Eeuwig wel of wee
Handelingen 26:8
„Wat? Wordt het bij u ongelooflijk geoordeeld, dat God de doden opwekt?”
De lichamen van de goddelozen zullen wel weer opstaan, zoals Paulus dit ook heeft uitgedrukt: dat God de doden opwekt (Handelingen 26:8). Maar in staat en hoedanigheid verschillen de goddelozen van de Godzaligen. Want uit de lichamen van de goddelozen zal de zwakheid, smaad, verdorvenheid en ellende niet worden weggenomen. Maar in versmaadheid opstaande, zullen ze door het oordeel en de macht van God, in de versmaadheid en de verdorvenheid bevestigd worden. En in de dood en de verdorvenheid zelf, zullen zij zo onsterfelijk en onverderfelijk gemaakt worden dat ze door geen smarten ooit kunnen vernietigd worden. Maar zij zullen als een gloeiend staal branden in eeuwigheid. „Sommigen zullen opstaan tot eeuwige afgrijzing” (Daniël 12:2).

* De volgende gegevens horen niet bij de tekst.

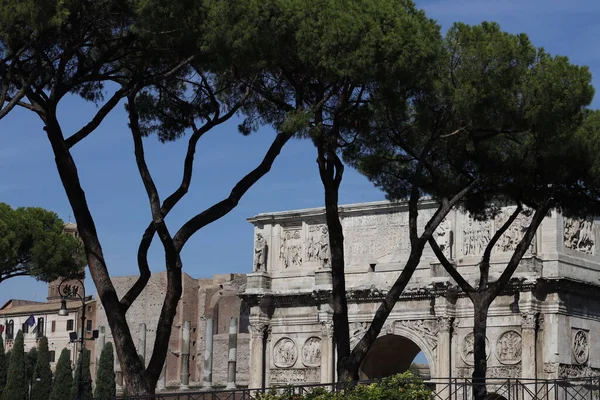 Roma Talya Anıtsal Mimari — Stok fotoğraf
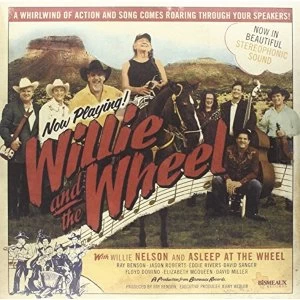 Image of Willie Nelson And Asleep At the Wheel Willie and the Wheel Vinyl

Ook lezen we ervan in Mattheüs 25:41-46: „Dan zal Hij zeggen ook tot degenen, die ter linker hand zijn: Gaat weg van Mij, gij vervloekten, in het eeuwige vuur, hetwelk de duivel en zijn engelen bereid is. Want Ik ben hongerig geweest, en gij hebt Mij niet te eten gegeven; Ik ben dorstig geweest, en gij hebt Mij niet te drinken gegeven; … en dezen zullen gaan in de eeuwige pijn. Maar de rechtvaardigen in het eeuwige leven”. De reden hiervan is, dat niet slechts de eerste dood, maar ook de tweede, die de eeuwige is, een straf der zonde is die tegen de oneindige majesteit Gods door lichaam en ziel begaan is.